The arrival of the ships

The design of the invading spaceships are brilliant—a colossal, ominous, 90s modern stainless steel take on the classic flying saucer UFO. When they first show up over the coastlines of several major cities, they arrive in miles of flame and smoke, violently shaking the ground underneath and resulting in millions of strained necks as innocent bystanders can do nothing but look up in fearful awe. What an entrance.
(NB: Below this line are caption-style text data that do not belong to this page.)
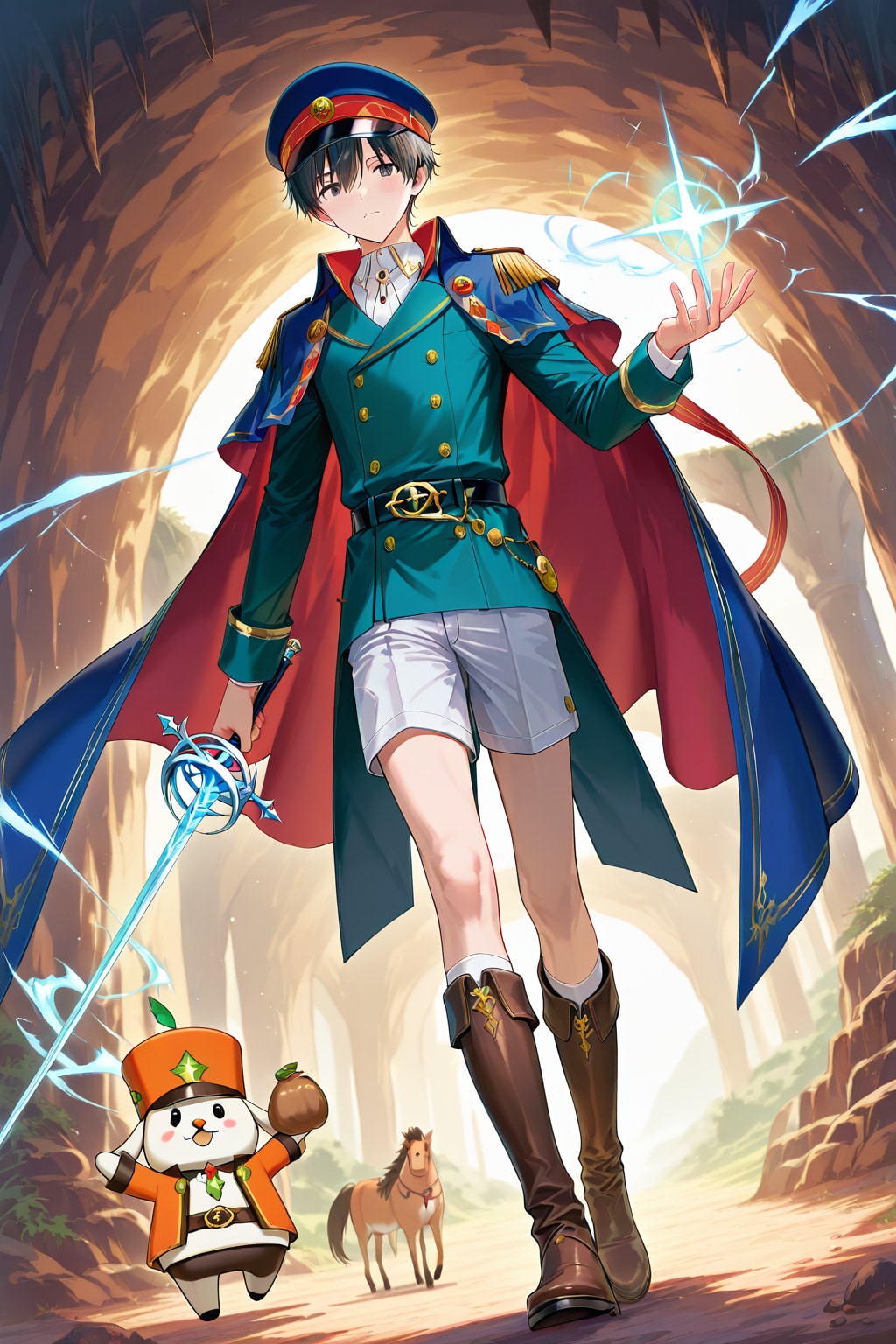 若い男性魔法戦士26.6.2-1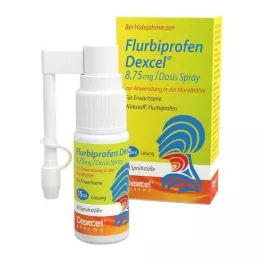 FLURBIPROFEN Dexcel 8.75 mg/dos.spray oral cavity, 15 ml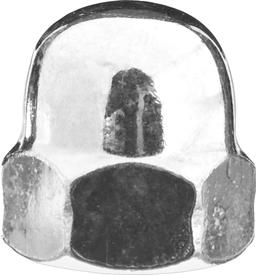 ЗУБР DIN 1587, M10, цинк, 5 кг, колпачковая гайка (303680-10) - 1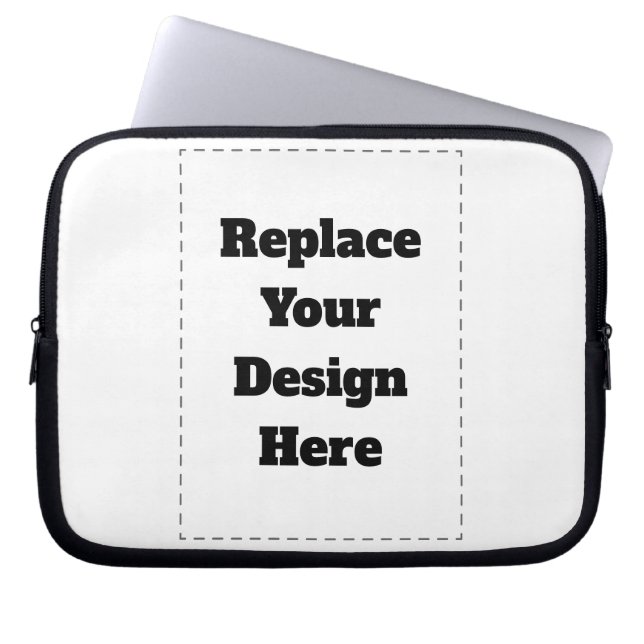 Capa Para Notebook Crie seu próprio branco  (Frente)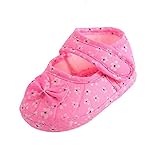 ROPALIA Infant Baby Girl Soft Bottom Shoes Floral Bowknot Cotton Crib Shoes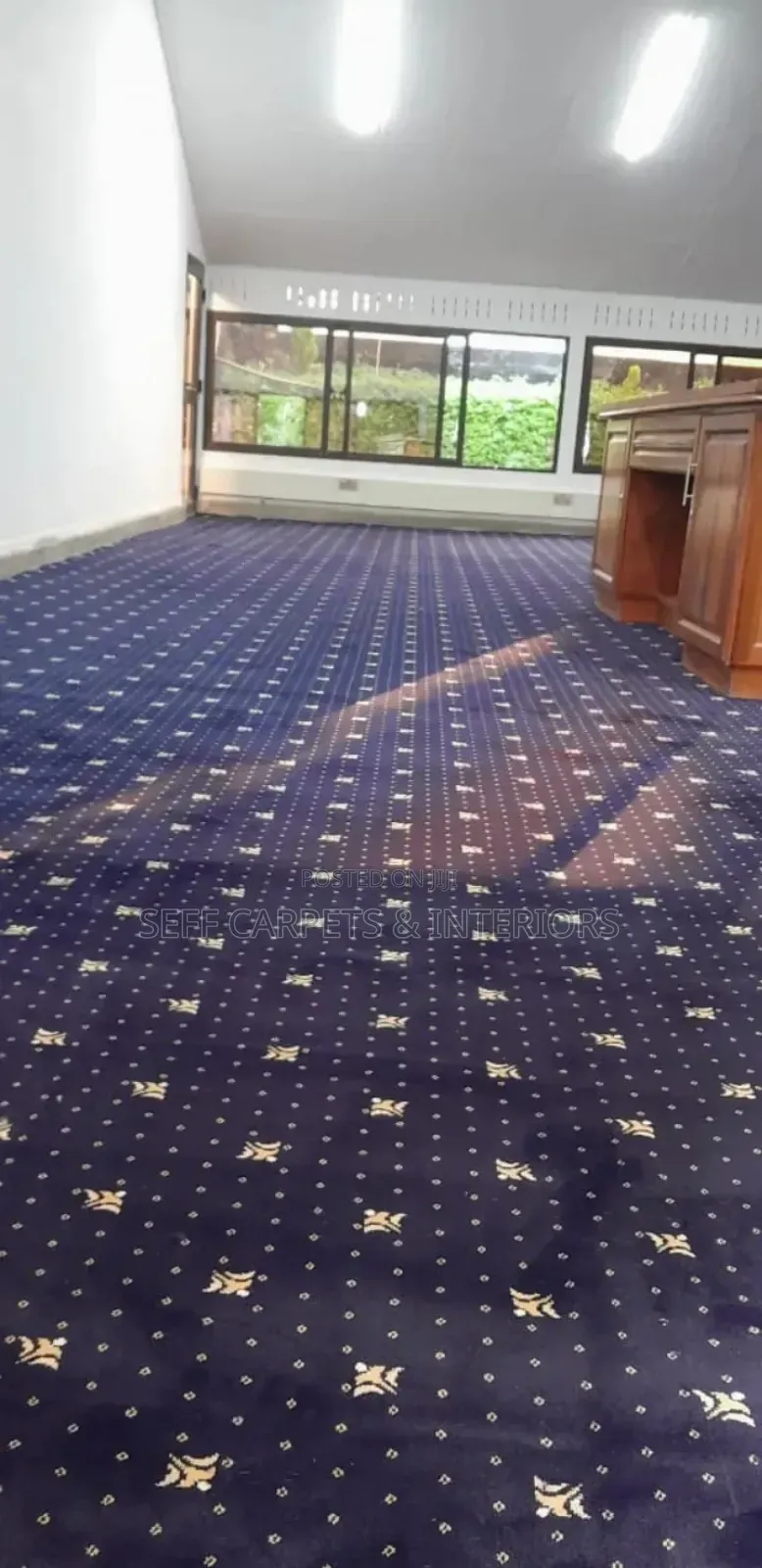 Blue Flowered Carpets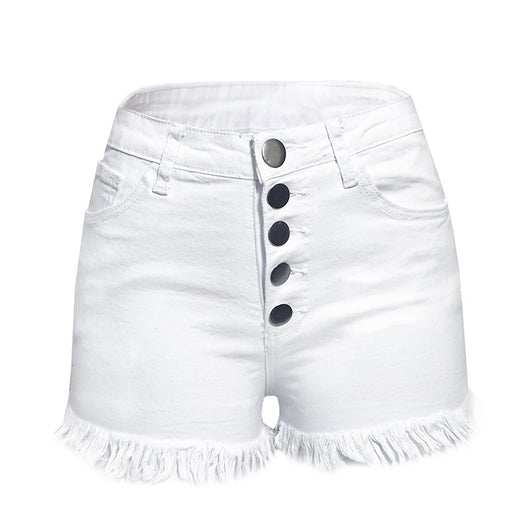 Shorts de Mezclilla Slim Cintura Alta con Elastano - Image 14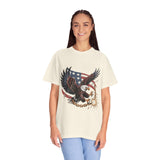 Patriotic Eagle Shirt, American Flag T Shirt, Bald Eagle Military Tee, Veteran Gift, USA Graphic Shirt, Fourth of July Patriotic Top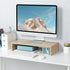 20 Inch Cozy TEAMIX Wood Monitor Stand Riser, Wooden Desktop Stand for PC/TV/Laptop/Printer, Monitor Riser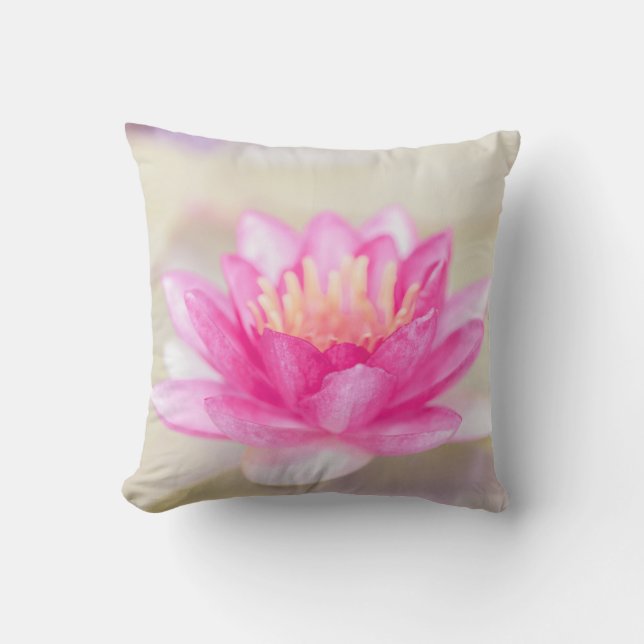 Elegant Gold Lotus, Yoga  Cushion (Front)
“Is this glass bulletproof?”

Midway through the film, the surviving heroes visit Area 51, where an escaped alien takes out a group of scientists and reveals the secret plan of his species behind a wall of laboratory glass. President Whitmore (Bill Pullman) hears enough and asks his military guard if the glass is bulletproof. Major Mitchell, played by Adam Baldwin, promptly replies “No, sir!” and opens fire on the creature in a hailstorm of bullets and broken glass.

Judd Hirsch

Oscar-nominated Judd Hirsch stole the show as comic relief in a film where nearly every single character provides comic relief. Only a few years off a multi-decade run as a sitcom star, Hirsch was old enough now to play the cranky father to Jeff Goldblum’s neurotic genius David Levinson. Hirsch’s character wasn’t just funny—he was smart, discovering the government’s secret base Area 51. “You don’t actually think they spend $20,000 on a hammer, $30,000 on a toilet seat, do you?” 

The canyon chase

After the massive destructive set pieces that saw Los Angeles, Washington DC, and New York City laid to waste, the United States strikes back with several fighter jets. The aliens surprisingly have smaller fighting ships themselves, defended by impenetrable shields. The pilots are quickly laid to waste, including Captain Hiller’s best friend played by Harry Connick, Jr. Hiller (Will Smith) is the last man flying, and leads one ship into the desert and a deep canyon where he’s able to out-maneuver and crash the alien ship in one of the most exciting chase sequences of the 1990s.


“Hello boys!”

In a film filled with memorable character actors, Oscar-nominated Randy Quaid (Vacation, Kingpin) makes his mark as a Vietnam vet traumatized by his previous abduction by aliens. In the end, he sacrifices his life to save his family and finally gets his revenge, but not before getting out not one but two quips before he goes. The first, and more crude of the two as he flies up the bottom of the ship to destroy it from the inside, is “Up yours!” (Remember this film came out right in the middle of the 90s.) The second, with a glorious grin on his face is: “Hello boys, I’m baaaaaaaaack.”

Jeff Goldblum

Oh yeah, and Jeff Goldblum stars in this movie right smack in the middle of transitioning from idiosyncratic and mysterious actor Jeff Goldblum to walking self-aware personality “Jeff Goldblum.” It’s glorious. He gives the aliens a cold. Need we say more?